= Abortion Access Front =

Non-profit organisation

Abortion Access Front (formerly Lady Parts Justice League) is a reproductive rights non-profit organization and production company founded by Lizz Winstead in 2015.

== Background ==
Abortion Access Front founder Lizz Winstead, co-creator and former head writer of The Daily Show, sought to leverage her experience in comedy and broadcasting in order to help destigmatize abortion, while calling out politicians and rallying voters to oppose legal restrictions on abortion rights.

Abortion Access Front educates people about abortion laws through video content, programs (such as Operation Save Abortion and #ExposeFakeClinics), and its weekly podcast "Feminist Buzzkills Live."  The organization also works on the ground, growing support and raising awareness for independent abortion providers, and was described as "a nonprofit that uses unexpected tools—like humor and men—to advocate for abortion as health care and as a fundamental human right."

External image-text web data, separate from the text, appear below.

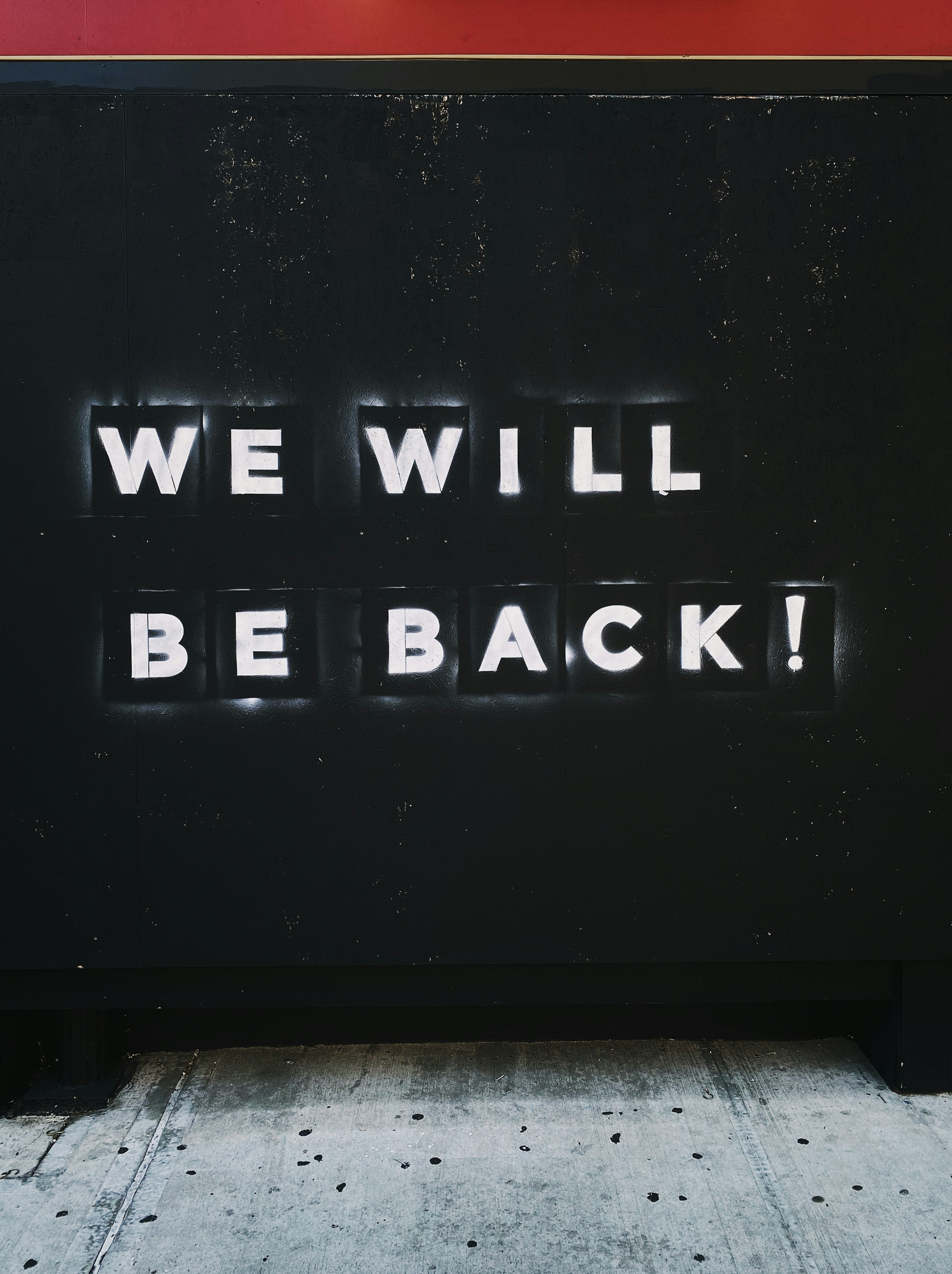 a sign that says we will be back on the side of a building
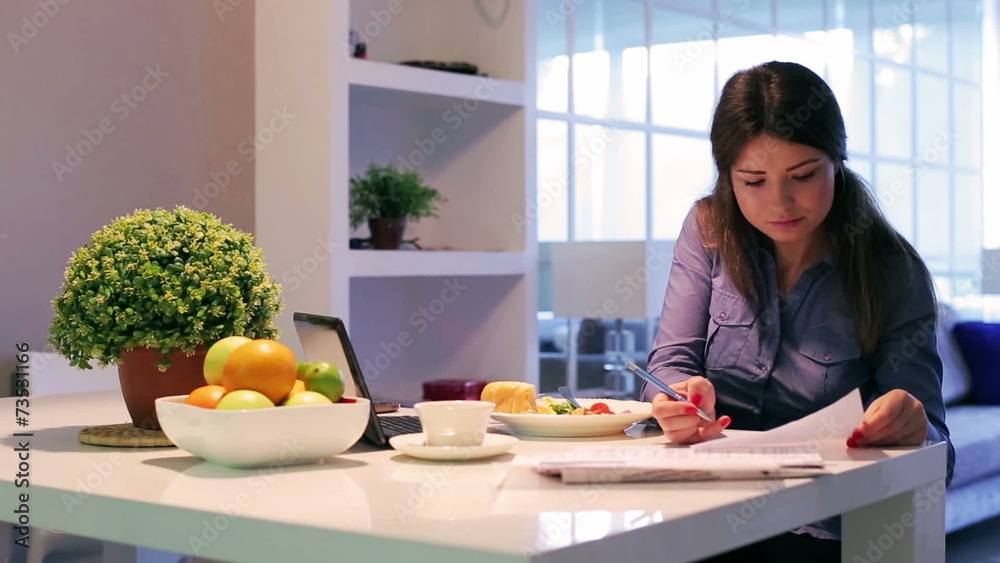 Woman eating healthy breakfast at home and smiling Woman eating healthy breakfast at home and smiling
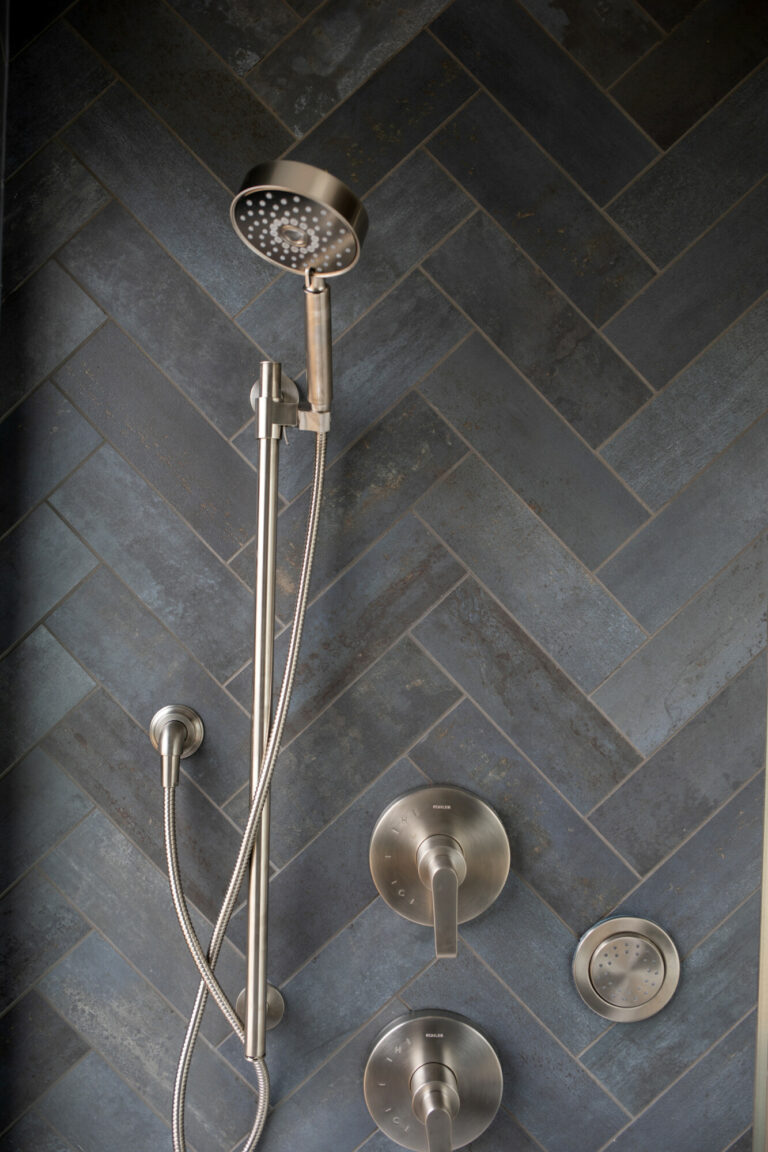 charcoal grey color shower tile herringbone pattern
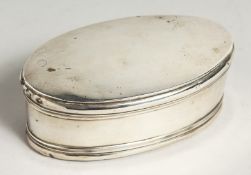 AN OVAL SILVER BOX with blue velvet liner, 4.75ins. London, 1912.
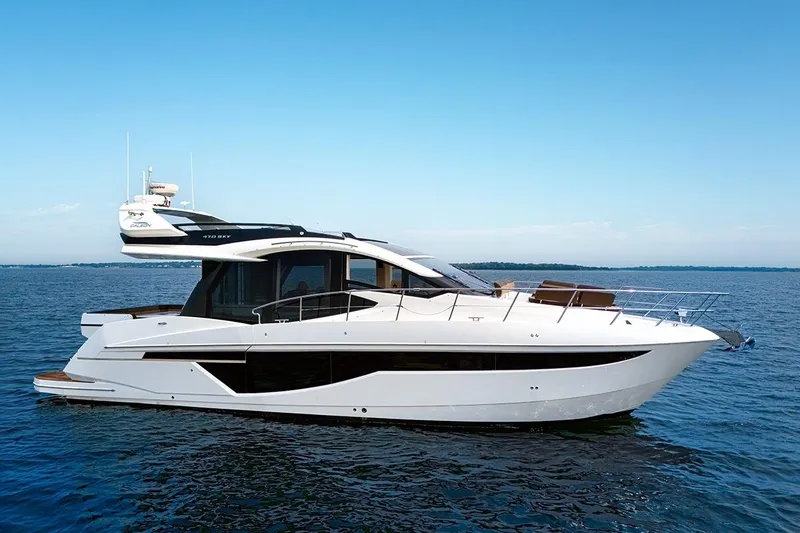 American Pride Yacht Photos Pics 2023 Galeon 470 Sky yacht on calm blue water under clear sky.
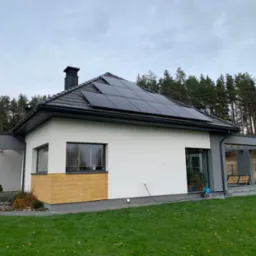 Nowoczesny dom jednorodzinny z panelami słonecznymi na dachu, widok z trawnika, w tle las iglasty i pochmurne niebo.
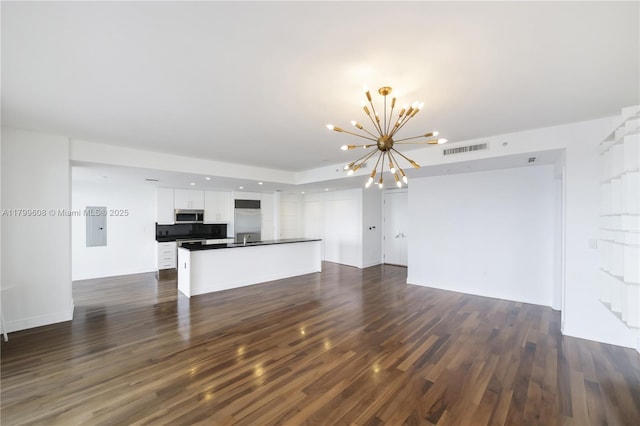 901 Brickell Key Blvd Unit 607, Miami, FL 33131 - unfurnished living room featuring a chandelier, dark wood-type flooring, a sink, recessed lighting, and electric panel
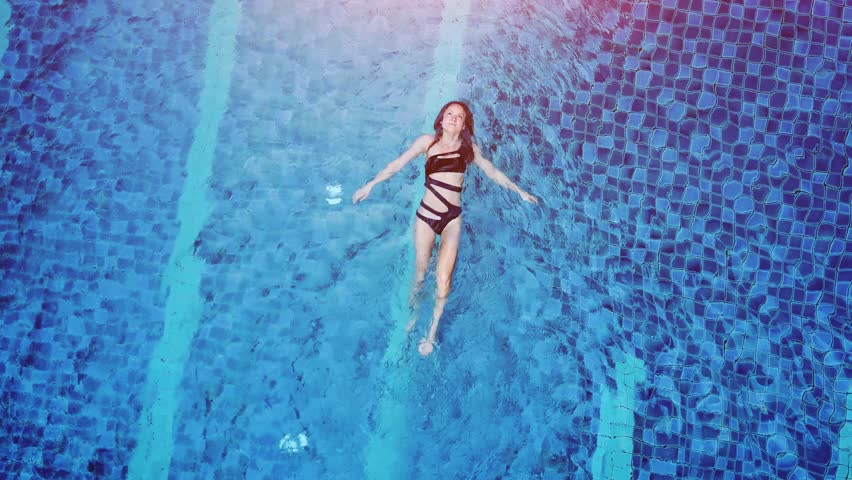 Top view aerial photo of a seductive sexy model in black swimwear is enjoying relax in hotel pool. Amazing fashion woman in bikini having luxury spa rest | Shutterstock HD Video #24674642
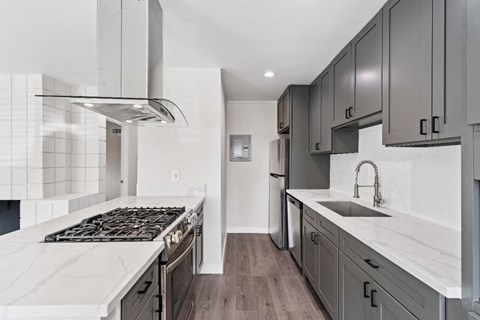 an all white kitchen with marble counter tops and stainless steel appliances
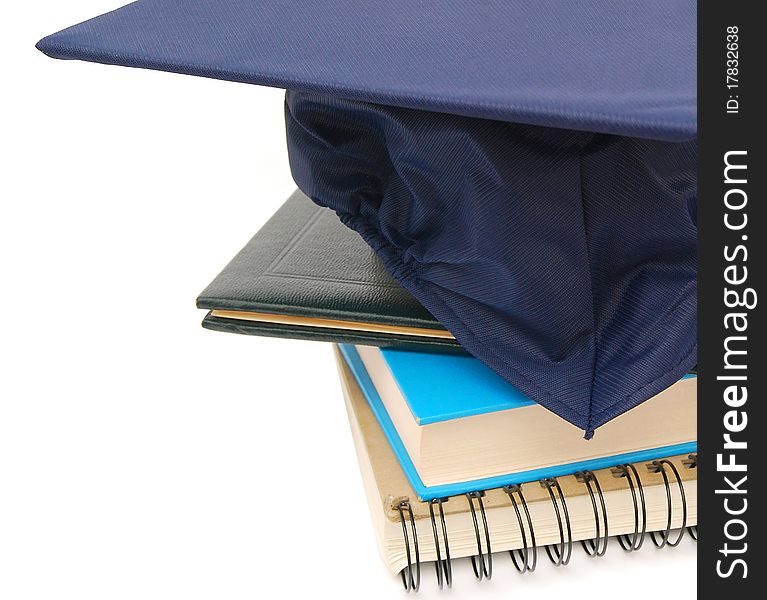 Books and hat graduation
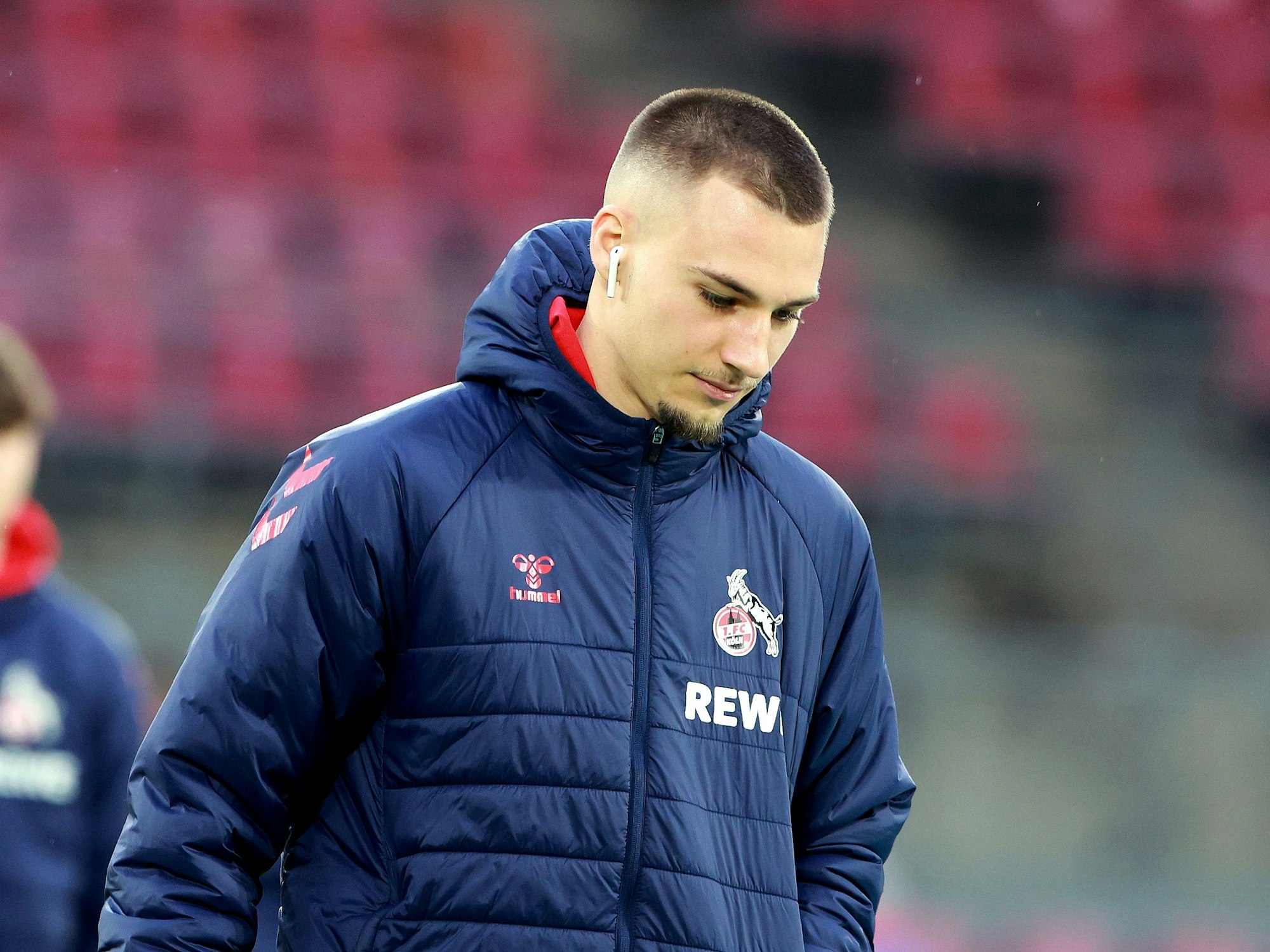 Tim Lemperle (1. FC Köln) geht in Trainingsjacke über das Spielfeld.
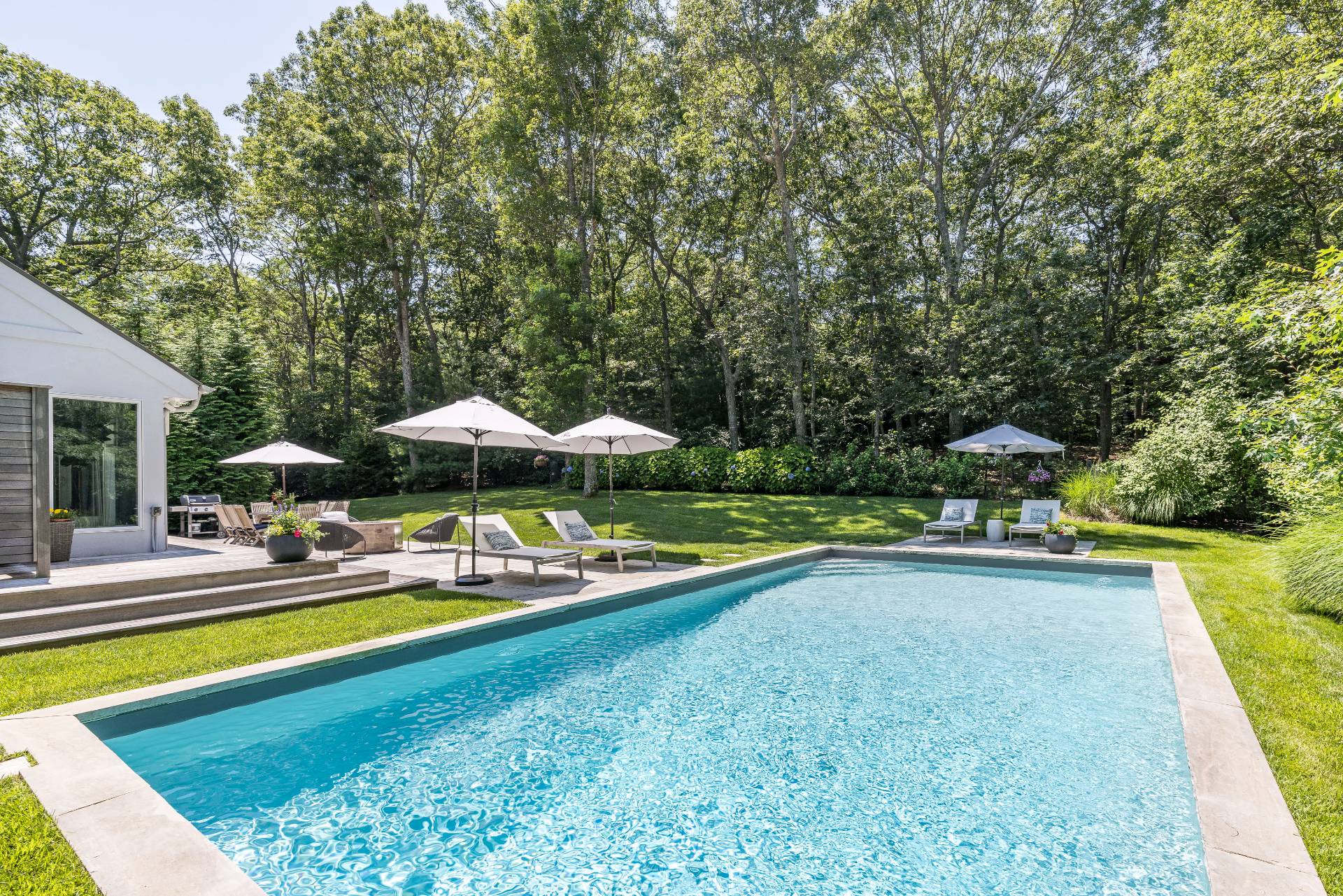 27 Landfall Road East Hampton, NY 11937 - Photo 21 of 24 a view of a swimming pool with lawn chairs under an umbrella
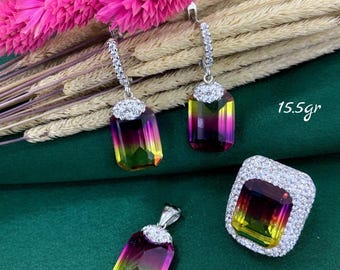 Puede incluir: Un conjunto de joyas de plata con un colgante, pendientes y anillo de piedra preciosa de color arcoíris. El conjunto está decorado con pequeñas piedras de circonita cúbica transparentes. El conjunto pesa 15,5 gramos.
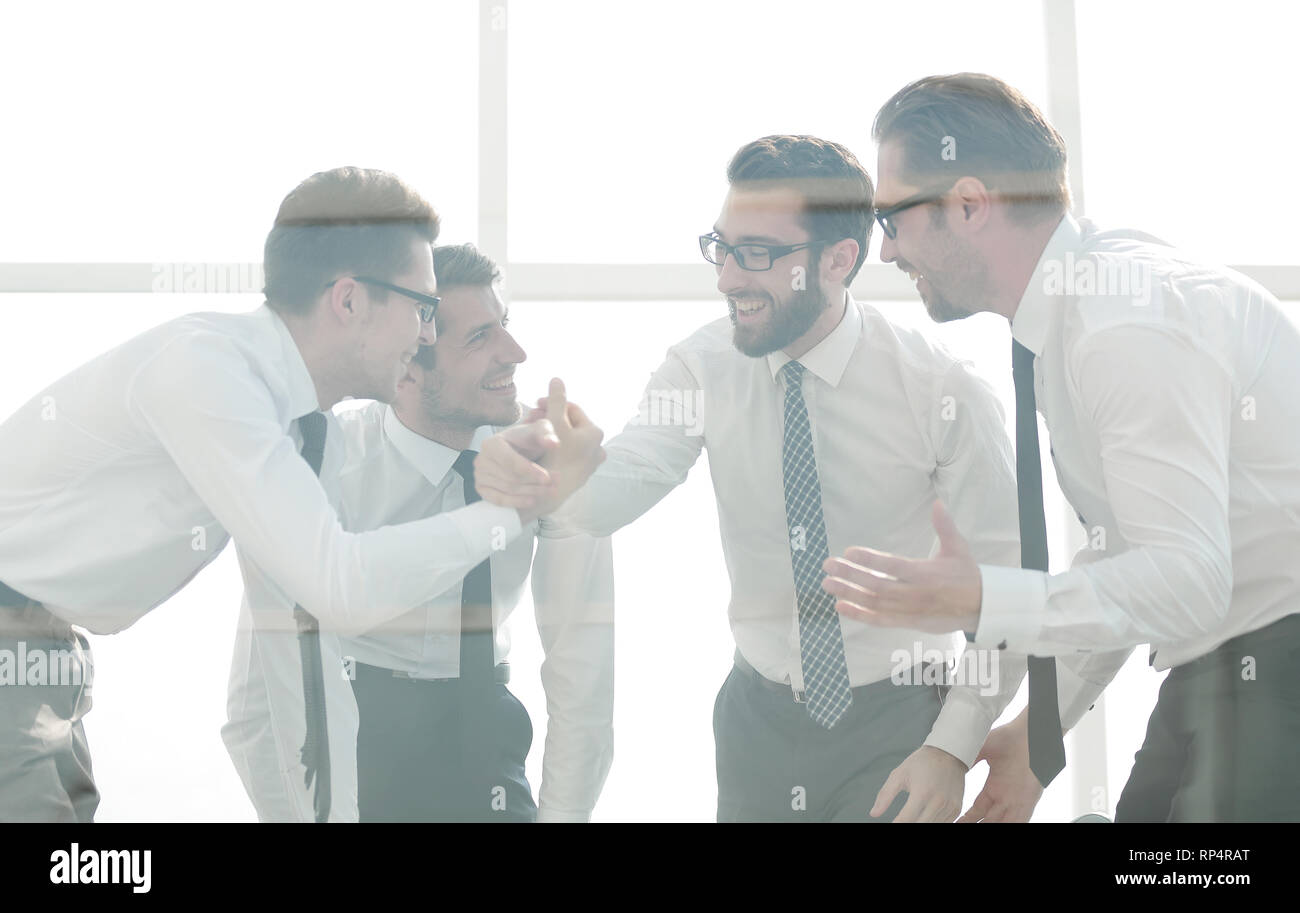 happy employees giving each other a high five Stock Photo - Alamy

They describe their work as "part Habitat For Humanity, part USO Tour for Independent abortion providers."

The organization's name was changed from Lady Parts Justice League to Abortion Access Front on May 30, 2019, in order to be more inclusive to transgender people served by the organization.

== Documentary ==
No One Asked You is a feature documentary in post-production by filmmaker Ruth Leitman following Lizz Winstead and the Abortion Access Front team. The film follows reproductive rights organization Abortion Access Front over five years at the frontlines of the escalating war over Roe v. Wade. The film premiered at the 2023 DOC NYC film festival, where it was a runner up for the Audience Award.